Content starts

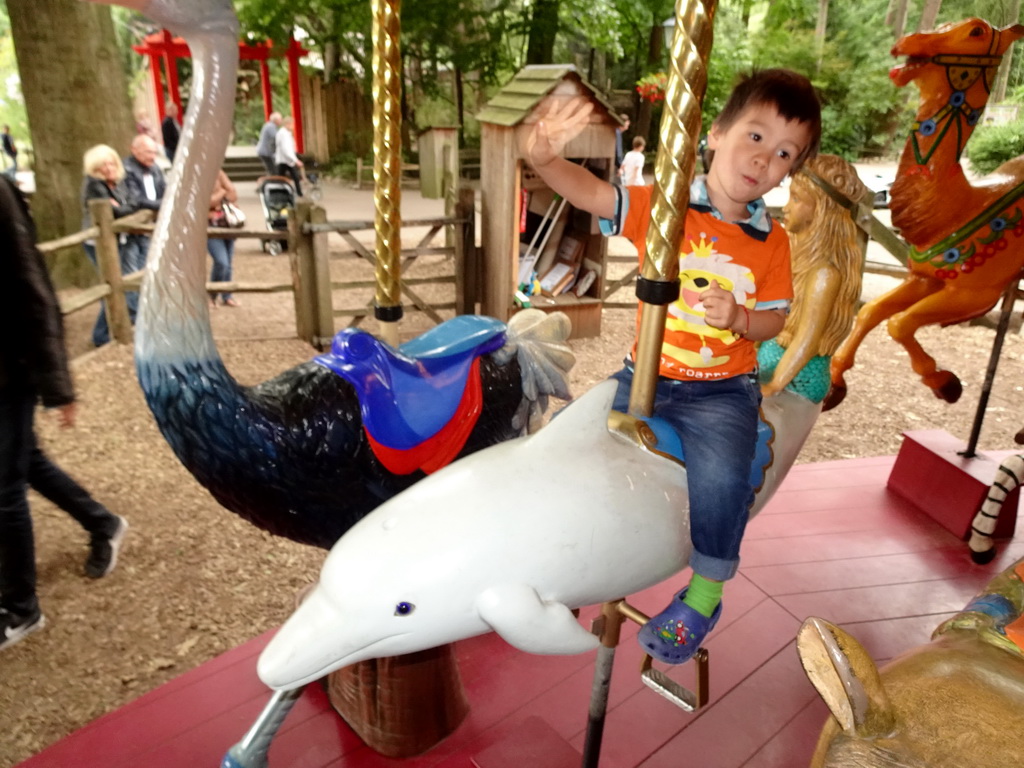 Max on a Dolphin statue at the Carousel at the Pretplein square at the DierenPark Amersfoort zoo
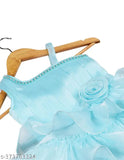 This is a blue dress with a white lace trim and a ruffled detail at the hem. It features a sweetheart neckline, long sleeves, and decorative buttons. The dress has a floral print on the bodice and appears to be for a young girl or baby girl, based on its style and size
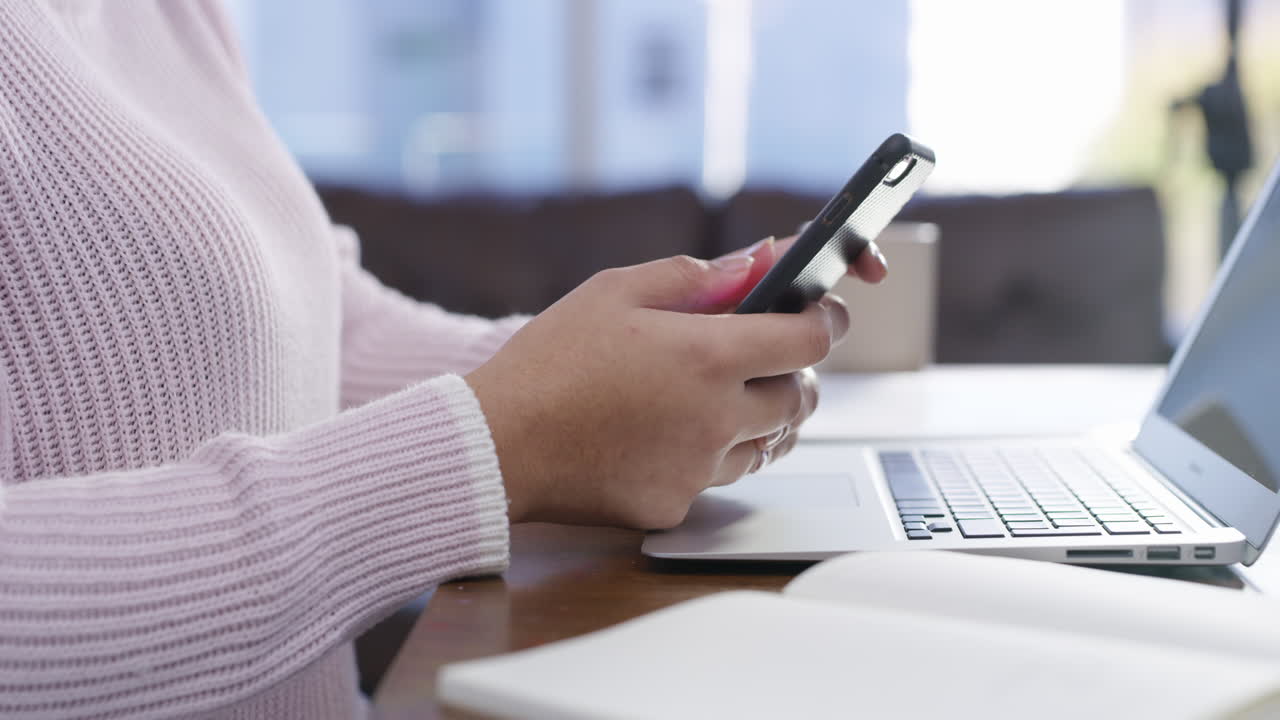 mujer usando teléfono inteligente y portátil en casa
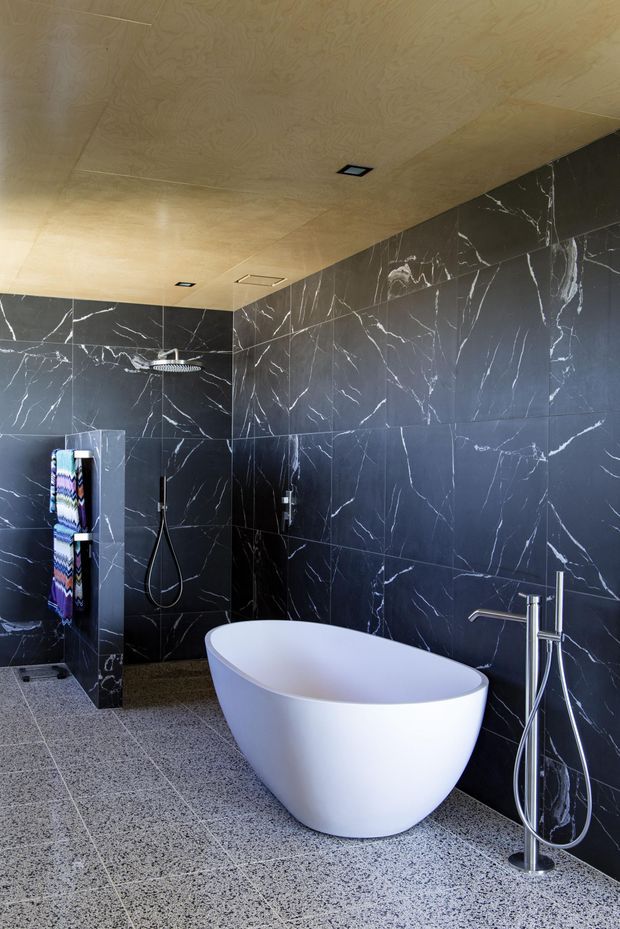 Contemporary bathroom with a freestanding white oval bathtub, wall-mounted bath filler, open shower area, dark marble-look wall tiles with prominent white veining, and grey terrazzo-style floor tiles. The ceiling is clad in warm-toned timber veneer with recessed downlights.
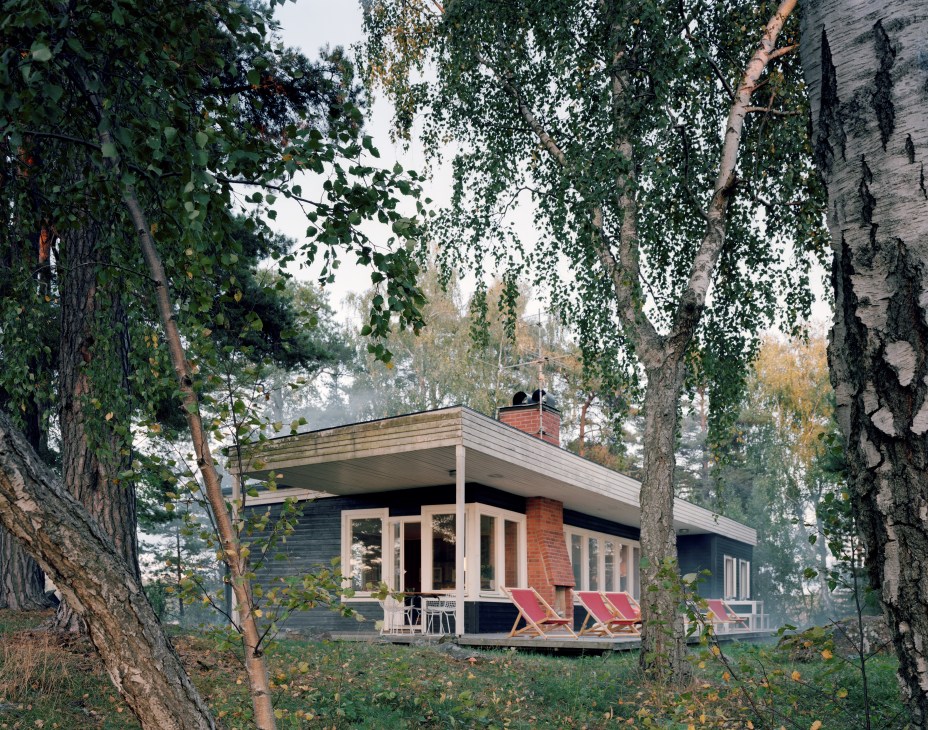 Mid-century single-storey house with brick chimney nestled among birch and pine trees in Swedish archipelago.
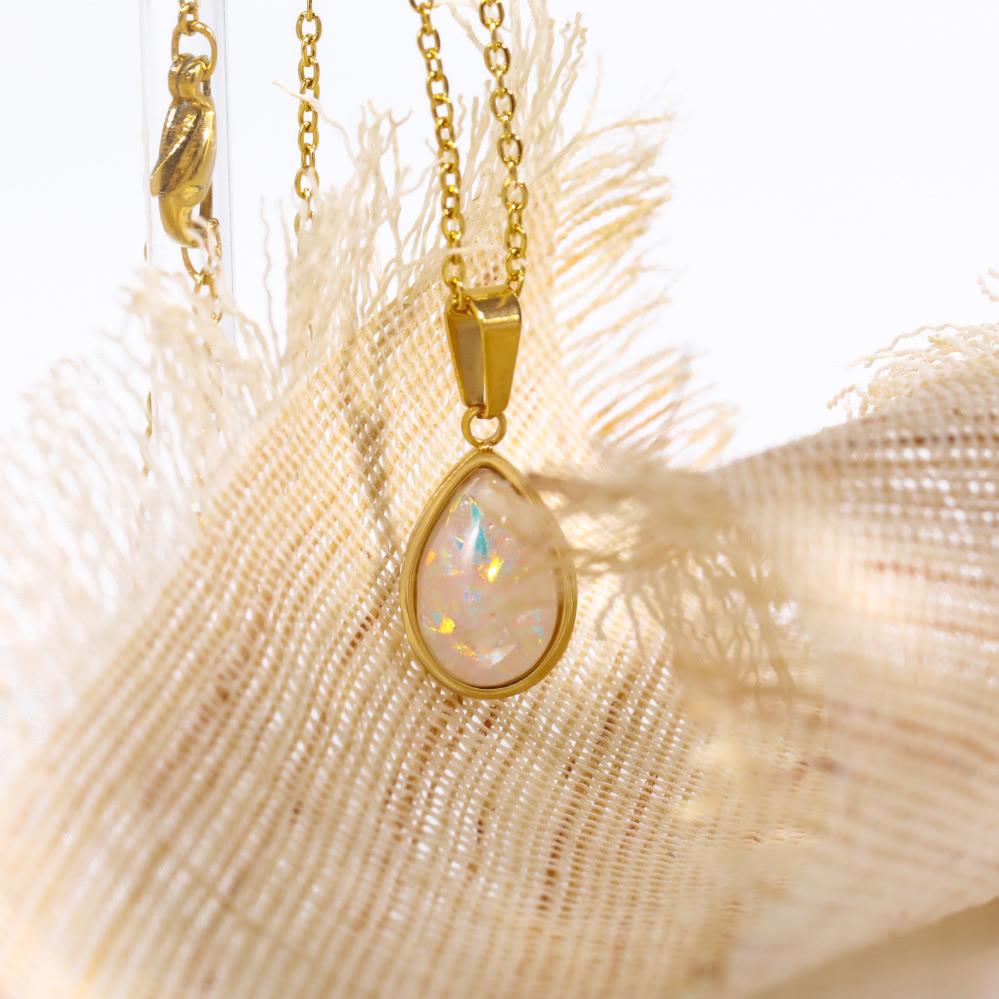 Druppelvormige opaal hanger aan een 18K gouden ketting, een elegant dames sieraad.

Content ends

Requirement
From the first line to the last, return the material above exactly, apart from the pictures.

Expected output
 Max on a Dolphin statue at the Carousel at the Pretplein square at the DierenPark Amersfoort zoo
 This is a blue dress with a white lace trim and a ruffled detail at the hem. It features a sweetheart neckline, long sleeves, and decorative buttons. The dress has a floral print on the bodice and appears to be for a young girl or baby girl, based on its style and size
 mujer usando teléfono inteligente y portátil en casa
 Contemporary bathroom with a freestanding white oval bathtub, wall-mounted bath filler, open shower area, dark marble-look wall tiles with prominent white veining, and grey terrazzo-style floor tiles. The ceiling is clad in warm-toned timber veneer with recessed downlights.
 Mid-century single-storey house with brick chimney nestled among birch and pine trees in Swedish archipelago.
 Druppelvormige opaal hanger aan een 18K gouden ketting, een elegant dames sieraad.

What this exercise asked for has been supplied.